AVAILABLE DATA:
_ _ _ _

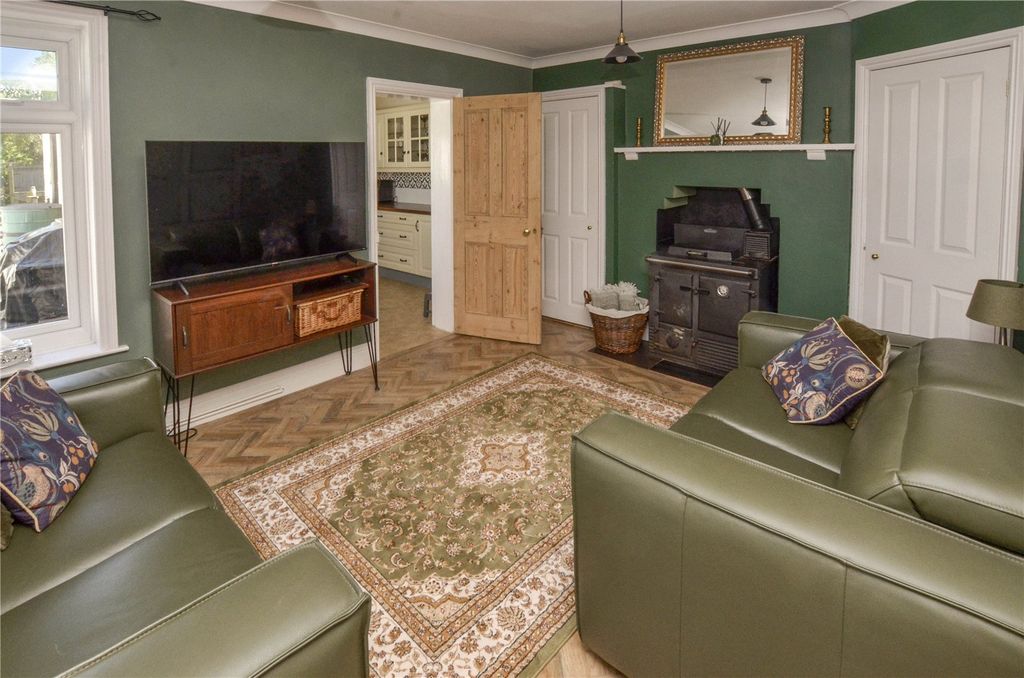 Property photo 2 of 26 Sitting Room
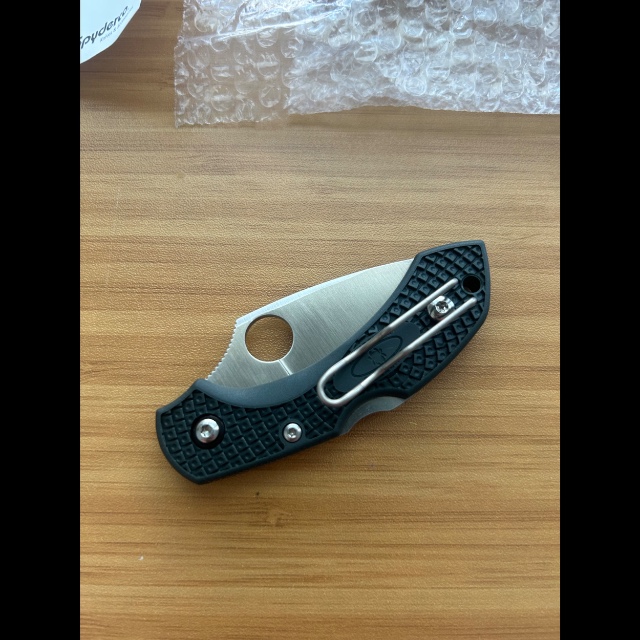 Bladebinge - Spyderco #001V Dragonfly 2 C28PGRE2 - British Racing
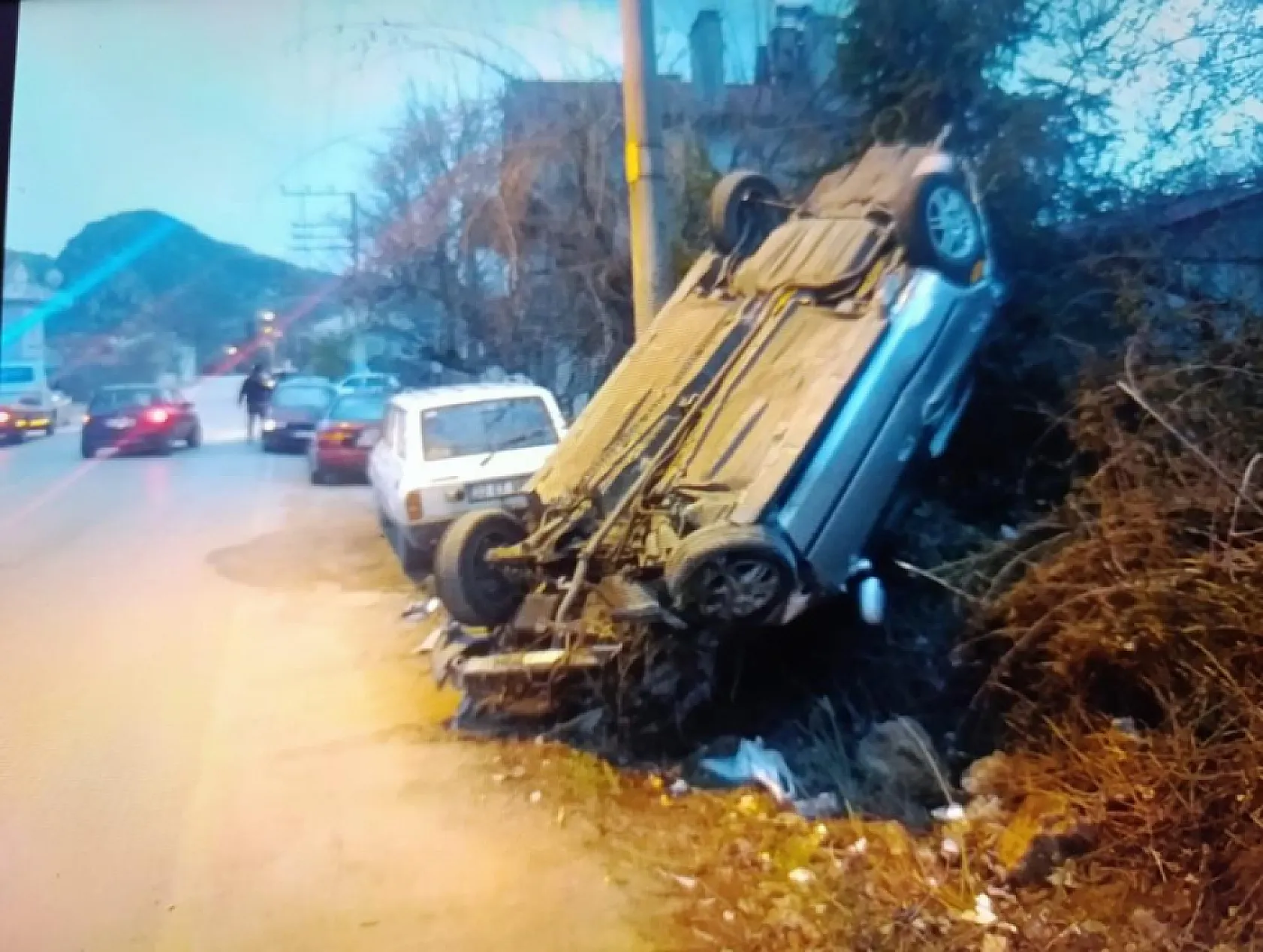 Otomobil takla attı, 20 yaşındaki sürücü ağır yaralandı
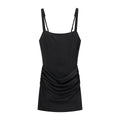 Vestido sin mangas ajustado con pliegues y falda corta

_ _ _ _

ABOUT THIS TASK:
Drop the pictures and give every line above again exactly.

TASK RESPONSE:
 Property photo 2 of 26 Sitting Room
 Bladebinge - Spyderco #001V Dragonfly 2 C28PGRE2 - British Racing
 Otomobil takla attı, 20 yaşındaki sürücü ağır yaralandı
 Vestido sin mangas ajustado con pliegues y falda corta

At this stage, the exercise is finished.